Il punto di osservazione scolastico

Il vertice scolastico è un vertice fondamentale, per chi come noi Psicoterapeuti lavoriamo ogni giorno con gli adolescenti e i genitori degli adolescenti, e va considerato in ogni percorso di cura e crescita di ogni adolescente.

Il contesto scolastico in cui i poliziotti entrano per raccogliere indizi e prove non solo non ha un ‘buon odore’, ma appare un contesto in cui si è perso il senso, il significato e il valore di cosa significa educare. 

Gli adulti insegnanti sembrano disorientati, aver perso una funzione di contenimento e di riferimento: le regole appaiono invertite e il ‘prendere in giro’ fa perdere il senso del valore e l’importanza delle comunicazioni. Scompare il ruolo dell’insegnante come anche primo interlocutore del disagio emotivo, dell’insegnante che viene stimato come modello di sapere e relazione, mancano gli ideali che aiutano gli adolescenti nell’apprendimento delle regole con gli aspetti affettivi e la realizzazione di sè. Sembra un mondo all’incontrario, con ruoli invertiti, in cui gli adulti confusi e disorientati sono guidati dagli adolescenti nella ripetizione aggressiva, nella costruzione di una identità che si adatta a una richiesta implicita o ‘sei bullo o sei bullizzato’.

Si apre dunque tutto il bisogno di curare l’adolescente a rischio di agiti aggressivi (etero o auto indotti) a partire da tutti i contesti sociali ed educativi, che frequenta e in cui cresce a partire dal ristabilire delle relazioni con adulti che sappiano essere di riferimento nel dare un nome a emozioni complesse e dunque ristabilire ‘un ordine di senso’ in relazioni tra coetanei, che sembrano assumere un ruolo onnipotente di bastare a se stessi, escludendo dunque gli adulti, come se tutti fossero abbandonati a se stessi.

Riteniamo come equipe specialistica per adolescenti che il primo passo per gli adolescenti per prendersi cura di sé proteggersi dal rischio di mettersi in situazioni pericolose (per sé e per gli altri) è cercare aiuto con segnali, forme di comunicazione (anche implicite) ma soprattutto risiede nel trovare degli adulti in grado di ascoltarli, dare un nome a ciò che loro non riescono a nominare e non sminuire o svalutare le loro richieste.

Il punto di vista sociale

Il vertice sociale infine deve tenere conto, a nostro parere, della comunità sociale allargata, data dal contesto, la cultura di un luogo, la popolazione che vi abita. 

Nella serie Tv Adolescence la narrazione non può non avere come sfondo e cornice ulteriore di lettura, il contesto inglese, con la sua ormai nota scissione tra l’apparente formalità e il bisogno di nascondere malessere, fragilità, follia.
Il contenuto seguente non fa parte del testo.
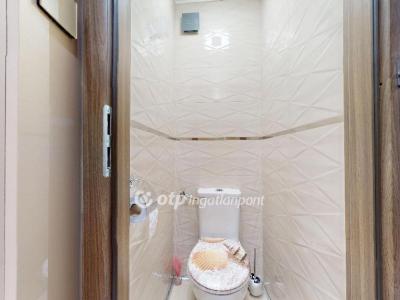 Eladó lakás Miskolc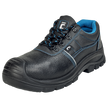Safety shoes RAVEN XT LOW S1P SRC - 1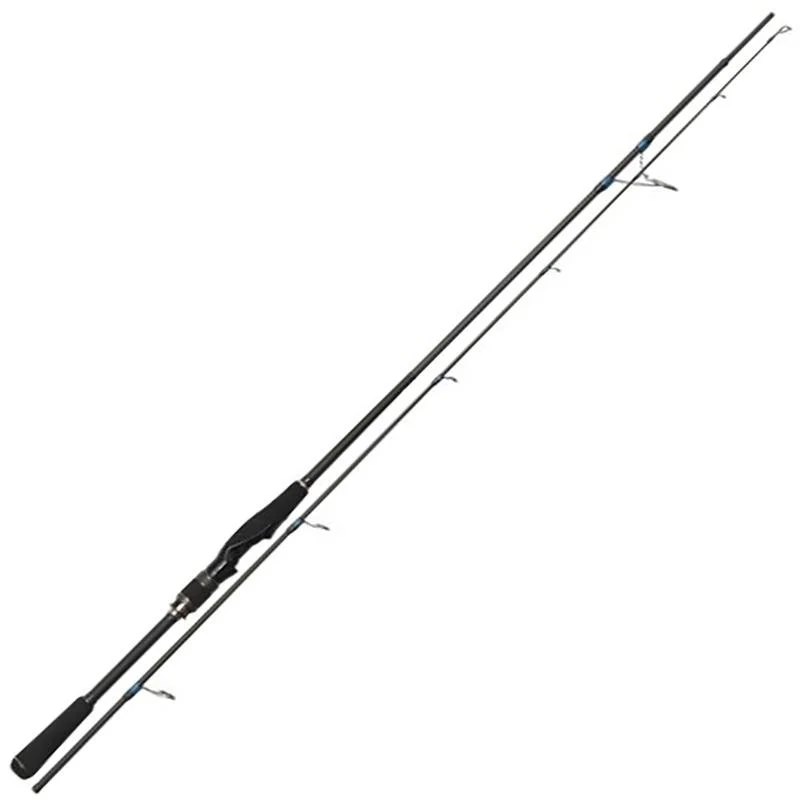 jkfisher1339081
In tale contesto la violenza, sulla scia di film e registi dello stesso contesto (ad esempio Ken Loach) è un evidente antidoto, dal ‘gusto e odore onnipotente’, alla depressione del contesto sociale, depressione non economica, ma emotiva e radicata nella scissione e frammentazione di aspetti emotivi e di un contesto sociale che sembra non consentirne un’espressione autentica.

Adolescence dunque apre a diverse letture sul fenomeno della violenza giovanile, evidenzia segnali di allarme e rischio e, a nostro parere, invita a pensare ai giovani in maniera complessa, emotiva, vicina e collettiva.